Johnson’s attorney, Michael Arnett, said close to a year before the shootout, his client was offered a chance to surrender. Instead, Johnson vanished and even disconnected his phone.
“Everything had always been fine, but I just had a feeling that the way he acted, that he was not going to be taken alive,” said Arnett.
News 9 tracked down the federal indictment that showed the Secret Service found nearly $150,000 of fake bills in an Oklahoma City office park. Agents said they also found printers and other equipment used to make the counterfeit bills.
Initially, Johnson and his brother Benjamin Johnson were indicted together in February of 2017. Investigators alleged the two were working together to counterfeit the money, and the two grew 19 marijuana plants.
A few months before Johnson was killed, the counterfeit charge was dropped against Benjamin.
Benjamin pleaded guilty to cultivating marijuana and is currently serving probation.
“My client maintained in the case that he had no knowledge, and did not participate in any counterfeit operation,” said Benjamin’s attorney Michael Noland.
Agents said that Johnson used a number of aliases and had previously served time in prison.
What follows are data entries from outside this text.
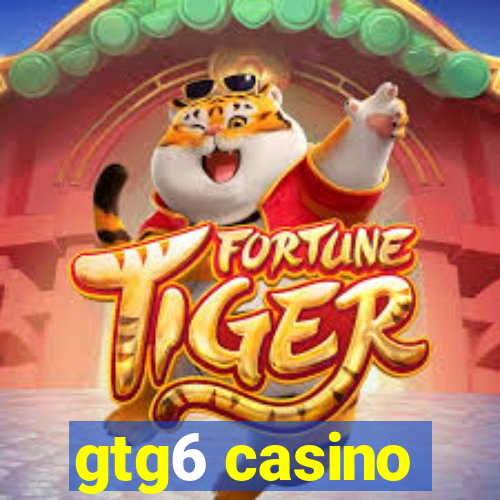 gtg6 casino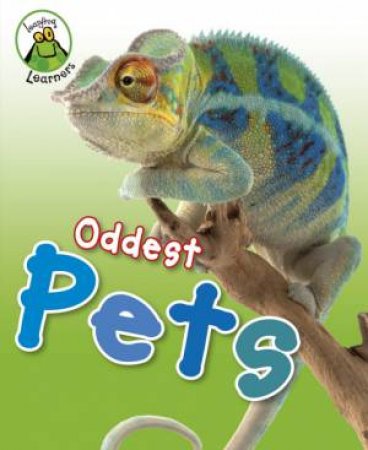 Oddest Pets by Annabelle Lynch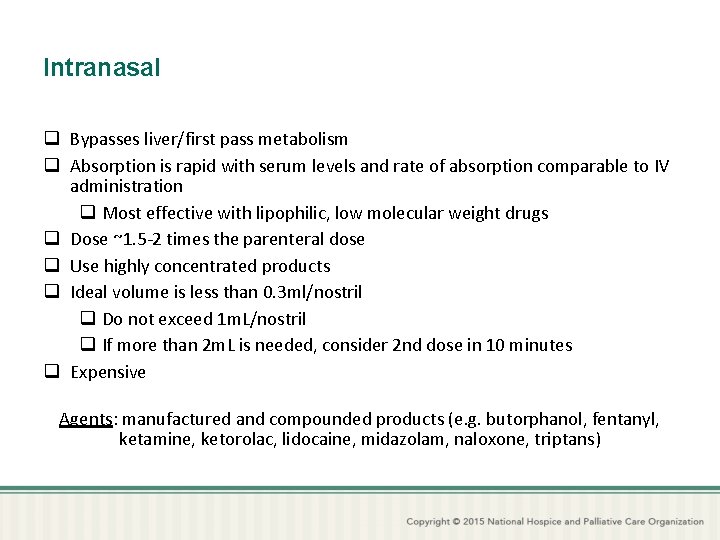 Intranasal q Bypasses liver/first pass metabolism q Absorption is rapid with serum levels and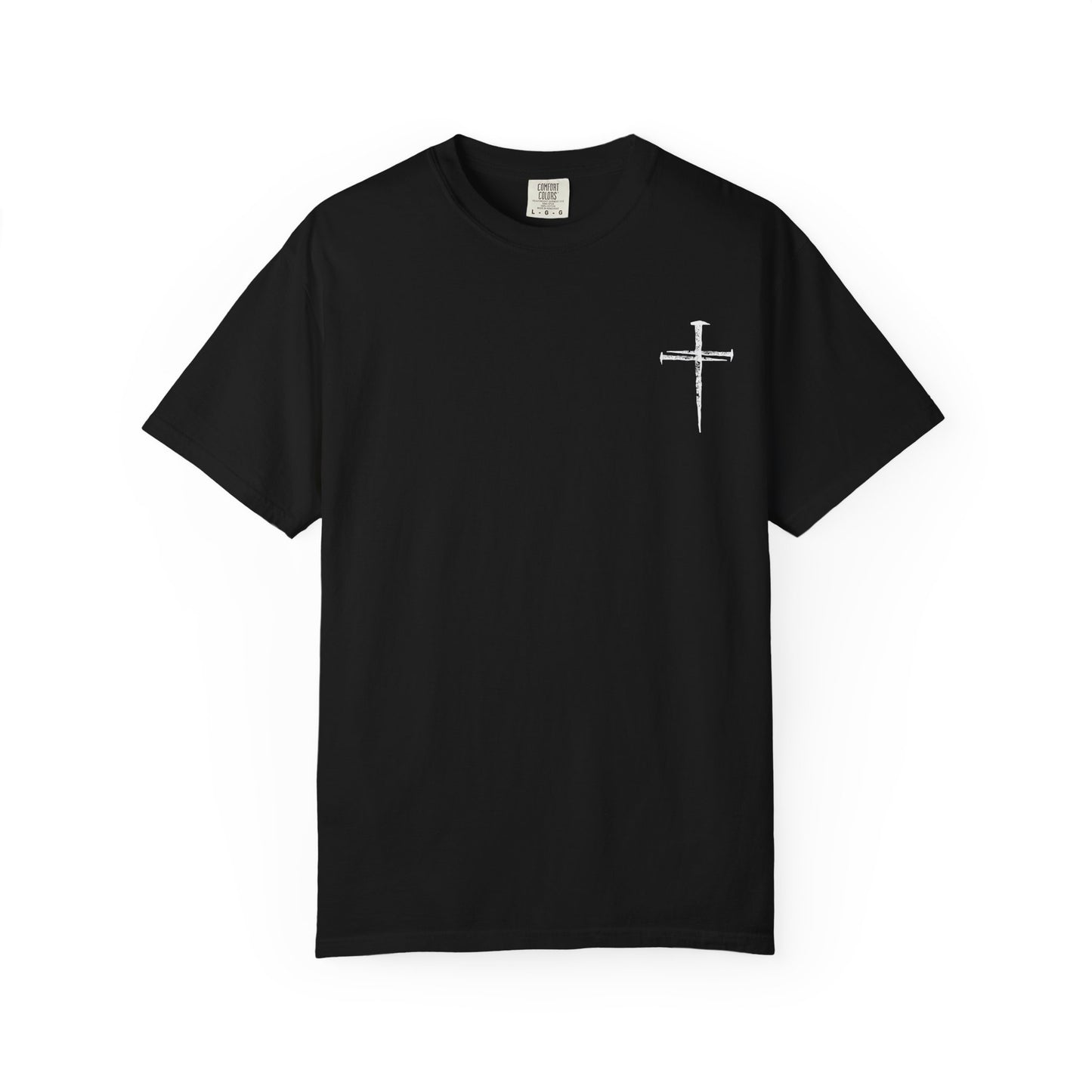 Faith-Inspired Unisex Garment-Dyed T-Shirt | 'It Wasn't the Nails...' Design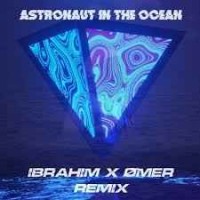 Masked Wolf - Astronaut In The Ocean (Ibrahim & Ømer Remix)
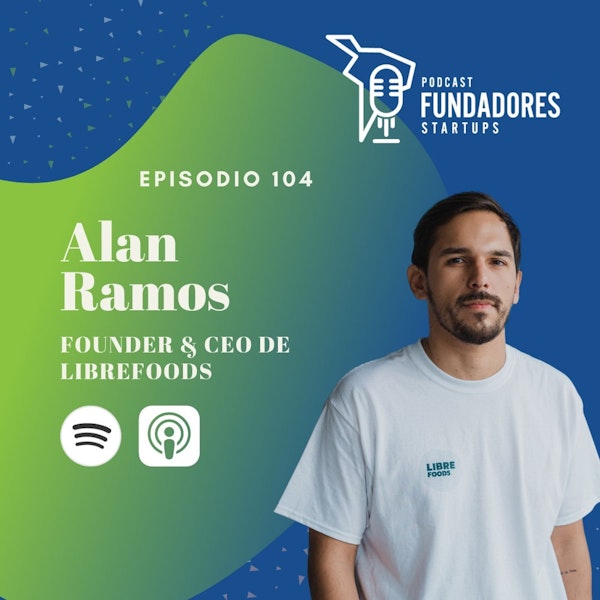 Alan Ramos | LibreFoods | Mejorando el ambiente con diferentes culturas| Ep. 104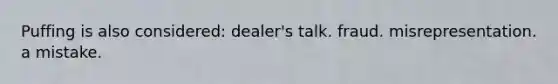 Puffing is also considered: dealer's talk. fraud. misrepresentation. a mistake.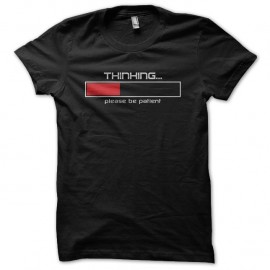 Shirt Thinking please be patient noir pour homme et femme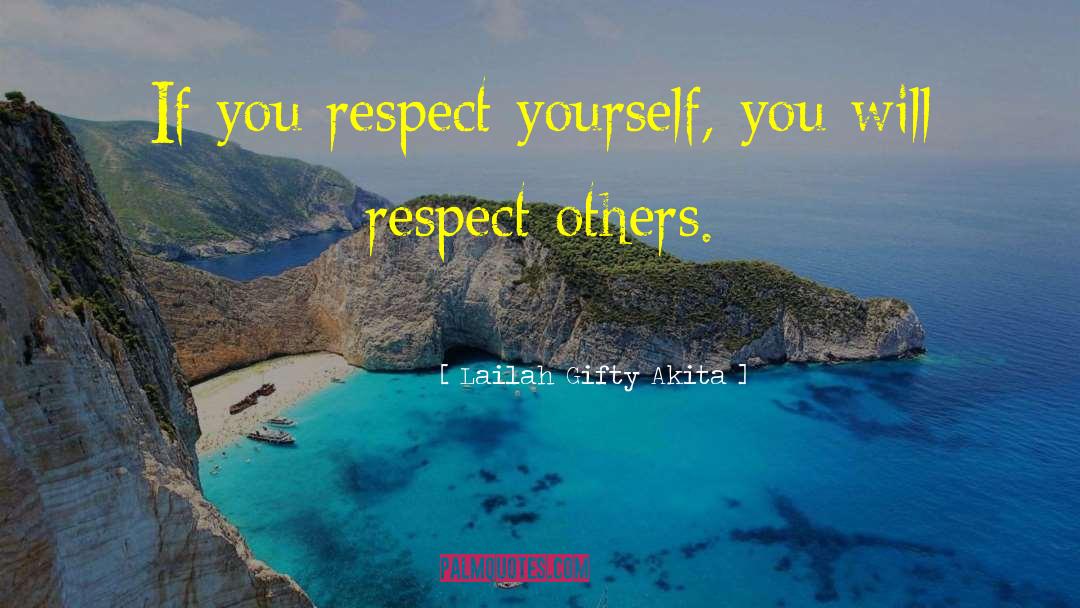 Respect Yourself quotes by Lailah Gifty Akita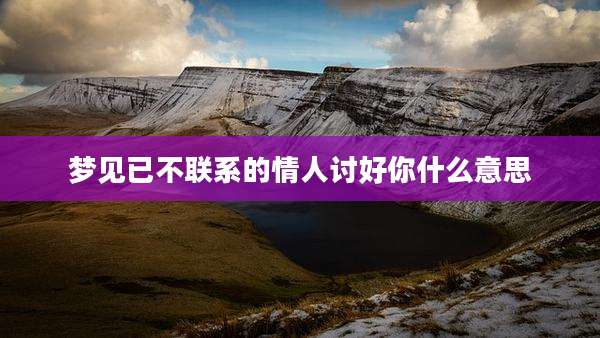 梦见已不联系的情人讨好你什么意思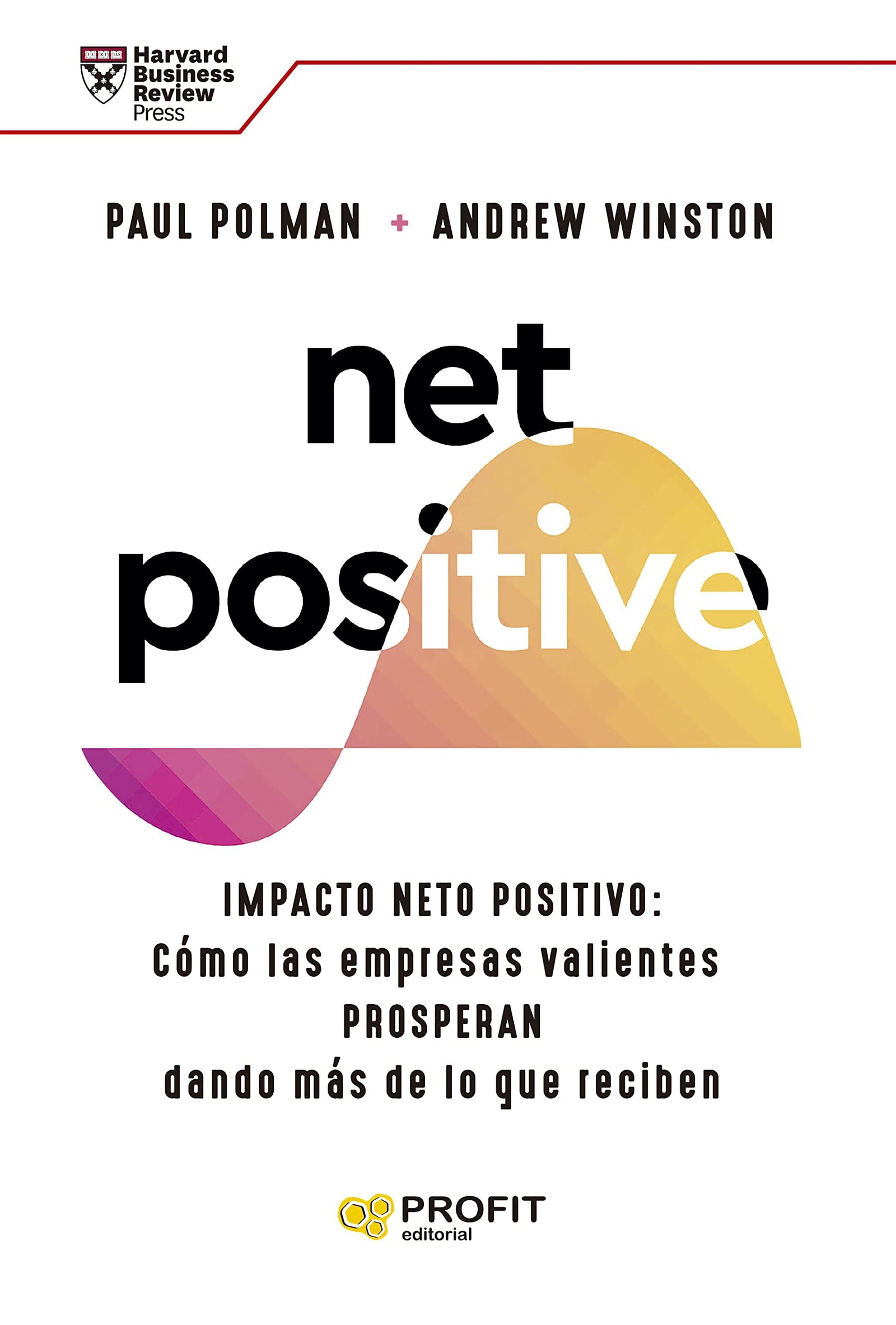 Net Positive (MANAGEMENT Y LIDERAZGO)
In 2008, Daniel was indicted for copyright infringement involving Microsoft.
“He was fairly animated, intelligent. We had many interesting conversations about his past, and what happened when he had been in prison,” said Arnett.
U.S. Marshals said they were trying to arrest Johnson in May of 2018. They add he realized they were following him.
At some point, Johnson bailed out of his vehicle and Marshals said he began shooting at them with an AR-15.
Investigators said a bomb was also found in Johnson’s car.
“It was a tragic event in which they lost son and their brother. They are still searching for answers as to what happened,” said Nolan.
Marshals then searched Johnson’s rural home in Cleveland County. On the day of the shooting, a total of three properties were under investigation.
As a result of his death, Johnson’s case was dismissed last July. His attorney said that before his client’s death, he went to the ethics commission of Oklahoma Bar Association for counsel.
Arnett said he worried that if he did not warn federal agencies about Daniel, then others would have been killed in the shootout.
“I really do believe that there would have been more lives lost if I hadn't told,” said Arnett.
Federal investigators seized the counterfeit equipment used in the case.
“The success in this case demonstrates the investigative capabilities of the Secret Service and the collaborative efforts of our law enforcement partners” said Todd Brown, Assistant Special Agent in Charge, U.S. Secret Service Oklahoma Field Office. “The Secret Service will continue to develop innovative ways to combat and protect the financial infrastructure of the United States.”